## [WHAT IS EXPECTED]
Leave every picture out, then reproduce the rest of the listing exactly.

(SOURCE DATA begins)

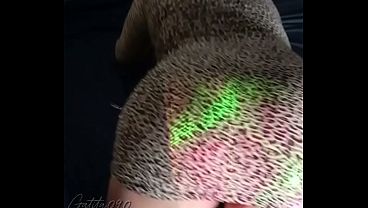 Latina cutie wiggles her ass like a little slut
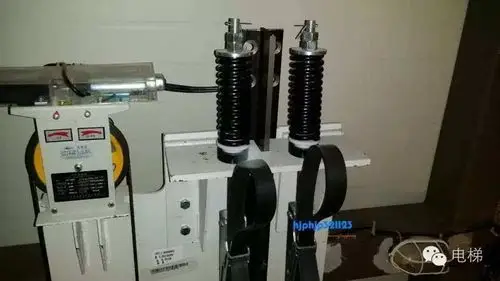 图解:钢带别墅电梯各个部件!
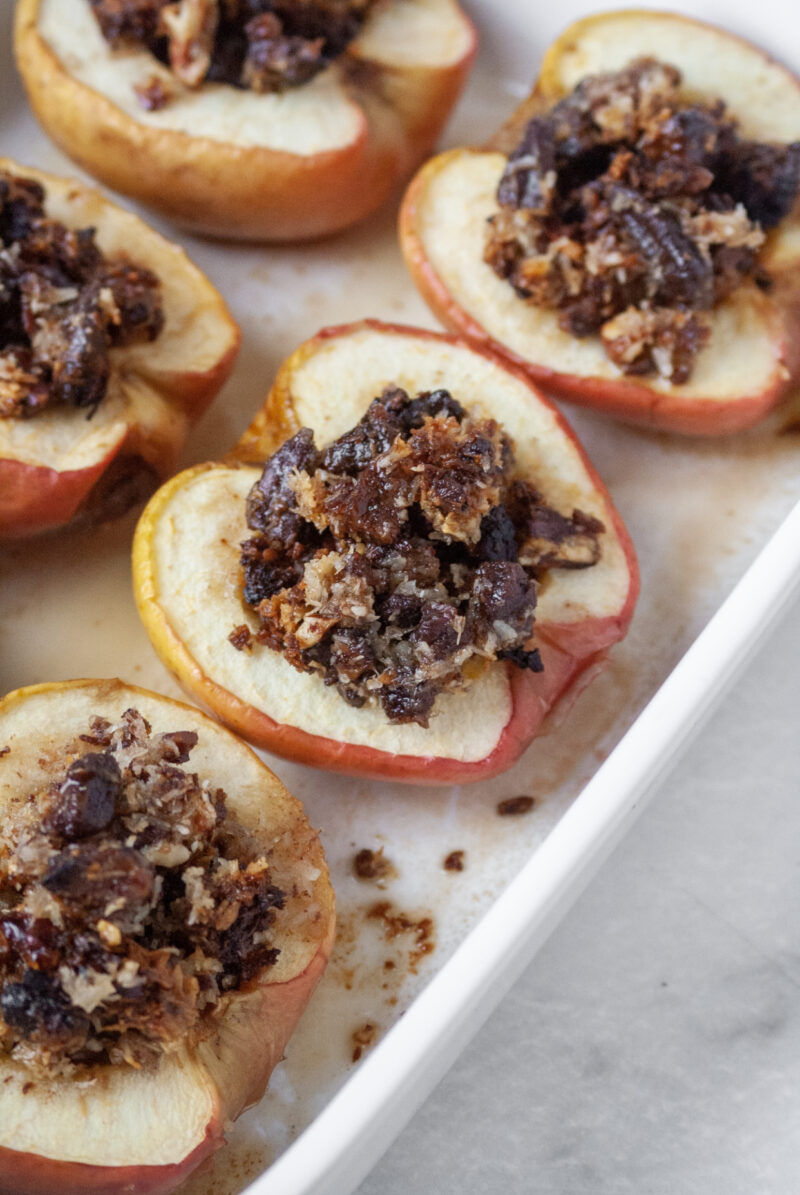 Oats in apple.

(SOURCE DATA ends)

## [SOLUTION FOR THIS PROBLEM]
 Latina cutie wiggles her ass like a little slut
 图解:钢带别墅电梯各个部件!
 Oats in apple.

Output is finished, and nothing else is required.